What the exercise asks: Make an exact copy of all the entries shown below.

Source records:
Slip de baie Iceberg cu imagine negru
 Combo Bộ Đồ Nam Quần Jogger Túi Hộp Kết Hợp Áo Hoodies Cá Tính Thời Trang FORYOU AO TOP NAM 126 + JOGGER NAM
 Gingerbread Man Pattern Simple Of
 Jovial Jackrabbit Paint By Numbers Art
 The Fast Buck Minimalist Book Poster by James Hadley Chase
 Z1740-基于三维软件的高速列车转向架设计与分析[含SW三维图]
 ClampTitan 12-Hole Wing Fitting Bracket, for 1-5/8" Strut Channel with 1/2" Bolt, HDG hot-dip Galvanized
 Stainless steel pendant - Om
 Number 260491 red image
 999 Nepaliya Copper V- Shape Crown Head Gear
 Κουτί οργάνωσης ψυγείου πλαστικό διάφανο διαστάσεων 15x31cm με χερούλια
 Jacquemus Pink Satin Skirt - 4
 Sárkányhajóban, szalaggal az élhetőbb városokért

Exercise solution:
Slip de baie Iceberg cu imagine negru
 Combo Bộ Đồ Nam Quần Jogger Túi Hộp Kết Hợp Áo Hoodies Cá Tính Thời Trang FORYOU AO TOP NAM 126 + JOGGER NAM
 Gingerbread Man Pattern Simple Of
 Jovial Jackrabbit Paint By Numbers Art
 The Fast Buck Minimalist Book Poster by James Hadley Chase
 Z1740-基于三维软件的高速列车转向架设计与分析[含SW三维图]
 ClampTitan 12-Hole Wing Fitting Bracket, for 1-5/8" Strut Channel with 1/2" Bolt, HDG hot-dip Galvanized
 Stainless steel pendant - Om
 Number 260491 red image
 999 Nepaliya Copper V- Shape Crown Head Gear
 Κουτί οργάνωσης ψυγείου πλαστικό διάφανο διαστάσεων 15x31cm με χερούλια
 Jacquemus Pink Satin Skirt - 4
 Sárkányhajóban, szalaggal az élhetőbb városokért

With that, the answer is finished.